La date du 8 mai, baptisée « journée de la Mémoire » en Algérie, est « un marqueur fort sur le plan identitaire pour le nationalisme algérien, dont il faut tenir compte », a souligné auprès de l’AFP l’historien Benjamin Stora, présent dans la délégation française.
– Expulsions de diplomates –
La ministre déléguée s’est ensuite envolée vers Alger où elle doit être reçue d’ici samedi « par les autorités algériennes avec qui elle évoquera notamment les prochaines étapes de la consolidation » des relations franco-algériennes et la volonté française de « restaurer un dialogue efficace », a indiqué l’Elysée sans plus de détail.
Ce voyage est le deuxième d’un membre du gouvernement français en moins de trois mois, après celui du ministre de l’Intérieur Laurent Nuñez mi-février.
Il consacre un dégel après une profonde crise diplomatique entre Paris et Alger, déclenchée à l’été 2024 par le soutien apporté par Paris à un plan d’autonomie « sous souveraineté marocaine » pour le territoire disputé du Sahara occidental.
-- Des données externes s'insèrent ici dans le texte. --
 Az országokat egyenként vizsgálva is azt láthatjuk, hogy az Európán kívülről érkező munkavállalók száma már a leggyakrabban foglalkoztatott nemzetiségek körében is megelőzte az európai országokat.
Dans ce territoire au statut non défini selon l’ONU, un conflit oppose depuis 50 ans le Maroc aux indépendantistes du Front Polisario, soutenus par Alger. L’Algérie a immédiatement retiré son ambassadeur en France.
La crise s’était aggravée avec l’arrestation en novembre 2024 de l’écrivain franco-algérien Boualem Sansal (gracié par le président Tebboune en novembre 2025) et après la mise en examen en avril 2025 d’un agent consulaire algérien accusé d’être impliqué dans l’enlèvement en France d’un influenceur algérien, Amir DZ.
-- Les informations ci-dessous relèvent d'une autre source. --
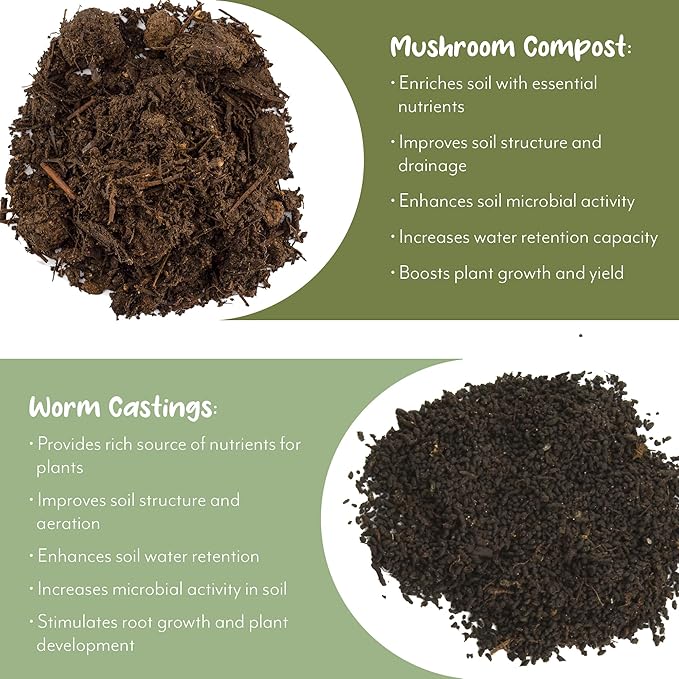 All-Purpose Compost Blend (8 Quarts), Deluxe Mix for Indoor/Outdoor Plants w/Mushroom Compost and Worm Castings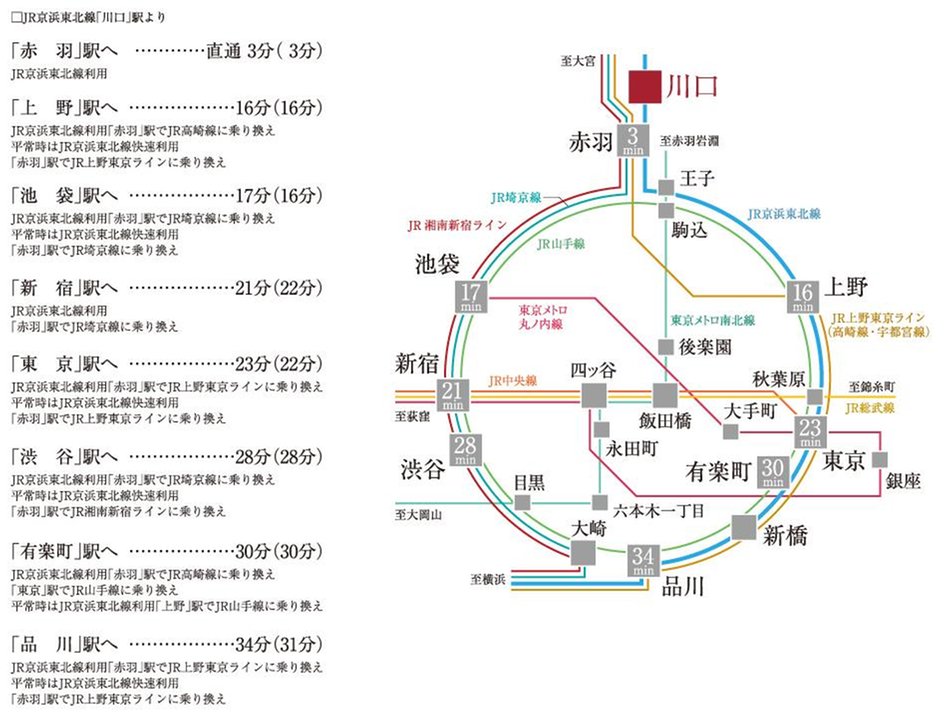 ブリシア川口カームコート／エアーコートの交通アクセス図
Cette affaire avait conduit à l’expulsion réciproque d’une douzaine de diplomates et agents consulaires et au rappel de l’ambassadeur Romatet.
– « Attention prioritaire » pour Gleizes –
Cette rupture était nourrie par les prises de position du ministre français de l’Intérieur de l’époque Bruno Retailleau (septembre 2024-octobre 2025), tenant d’une ligne dure, qui avait cristallisé sur sa personne les critiques d’Alger.
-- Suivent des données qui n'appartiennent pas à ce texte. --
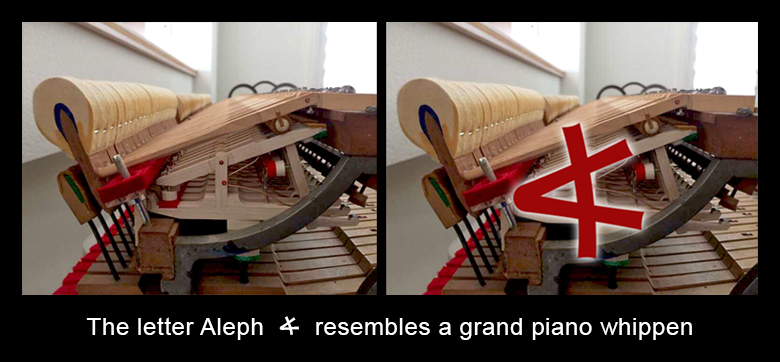 The Hebrew letter aleph overlaid on a grand piano whippen, showing how the letter resembles its shape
Un réchauffement s’est amorcé avec la visite mi-février de son successeur Laurent Nuñez, reçu par le président Tebboune. Depuis, les expulsions d’Algériens en situation irrégulière en France, jusqu’alors gelées, ont notamment repris.
Les contacts se sont ensuite multipliés: mi-mars, les chefs de la diplomatie des deux pays, Jean-Noël Barrot et Ahmed Attaf, se sont entretenus pour la première fois depuis des mois ; nommée à la tête de l’Institut du monde arabe, l’ancienne conseillère d’Emmanuel Macron pour l’Afrique du Nord et le Moyen-Orient, Anne-Claire Legendre, s’est également rendue à Alger en avril.
Reste un dossier non résolu, symbole de la crise entre les deux pays: le cas du journaliste Christophe Gleizes, auquel l’Elysée a affirmé porter une « attention prioritaire ».
Le journaliste sportif de 37 ans a été arrêté en mai 2024 dans le cadre d’un reportage sur la JSK, club de football de Kabylie (nord-est), et condamné en appel début décembre à sept ans de prison pour « apologie du terrorisme ».
Sa famille a annoncé mardi qu’il avait retiré depuis mars son pourvoi en cassation, une démarche visant à ouvrir la voie à une possible grâce du président Tebboune.
« Ces étapes importantes du renforcement de la relation de la France et de l’Algérie donnent espoir et confiance dans une issue prochaine au drame humain que vivent Christophe Gleizes et sa famille », a réagi auprès de l’AFP Thibaud Bruttin, directeur de Reporters Sans Frontières.